Sarah Carter, History and Classics
Henry Marshall Tory Teaching Chair

Following a teaching career as professor in the Department of History at the University of Calgary, at the University of Winnipeg, and at the University of Manitoba, Dr Sarah Carter, a professor working in the department of History and Classics at the University of Alberta, was named a Henry Marshall Tory Chair. Tory Chairs are expected, through their teaching, research, and service, to impact the University and the community. The appointments are intended for outstanding individuals who by their presence will enhance the reputation of the University and who can provide leadership and experience.

Dr Carter, whose research focuses on the history of Western Canada and the critical era that began in the late 19th century when Aboriginal people were dispossessed and a new population established, has explored many aspects of this history including the place of Aboriginal people in the new agricultural economy (Lost Harvests: Prairie Indian Reserve Farmers and Government Policy) and the creation of race and gender categories and hierarchies in the key decade of the 1880s (Capturing Women: The Manipulation of Cultural Imagery in Canada's Prairie West).

In addition, Carter's work also stresses the interconnected lives of Aboriginal people and the early non-Aboriginal settlers. She has recently completed a book that examines the efforts of government, legal, and religious authorities to impose a monogamous, Christian model of marriage on the diverse population of Western Canada including Mormons and Aboriginal people.
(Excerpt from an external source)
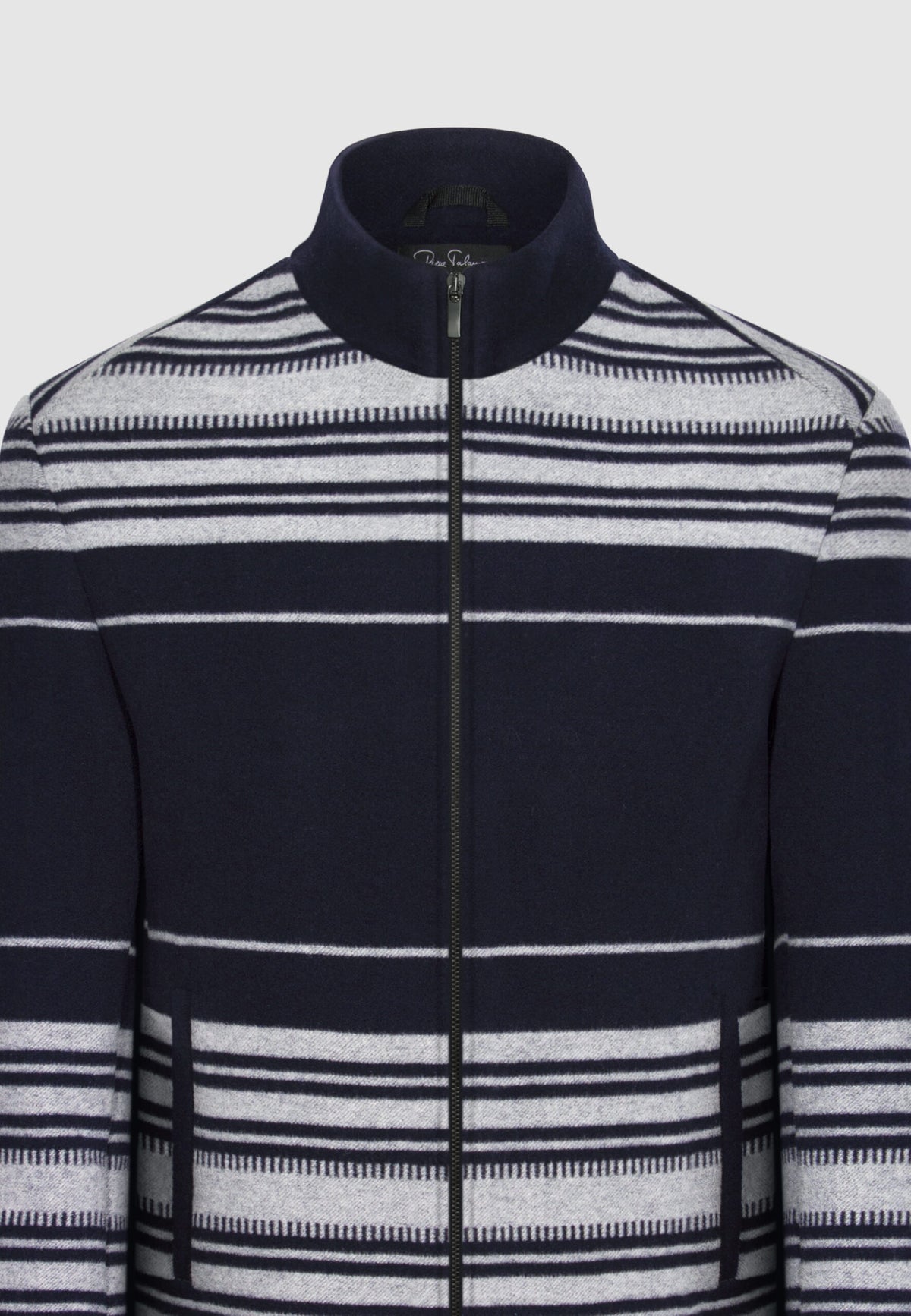 Blouson zippé en laine et cachemire bleu marine à rayures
Her book entitled The Importance of Being Monogamous: Forging the Marital Terrain of Western Canada has been submitted to press.
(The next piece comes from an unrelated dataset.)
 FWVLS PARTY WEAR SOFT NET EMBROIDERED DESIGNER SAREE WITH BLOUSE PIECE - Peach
Dr Carter is presently working on a borderlands and comparative Canada-US history of women of the northern Great Plains with particular focus on land distribution policies and the meanings, opportunities and constraints of the 49th Parallel.

Dr Carter has received three fellowships from the Social Sciences and Humanities Research Council, an arm's-length federal agency that promotes and supports university-based research and training in the social sciences and humanities, as well as the Myers Center Award for the Study of Human Rights in North America for her work on the publication, The True Spirit and Original Intent of Treaty 7. In addition, Dr Carter has received two Killam Fellowships from the University of Alberta and was director of the International Indigenous Studies Program at the University of Calgary.

Carter, who enjoys gardening, cooking, and Coronation Street, lives in Edmonton with her husband Walter Hildebrandt and their lovable border terrier, Lucy.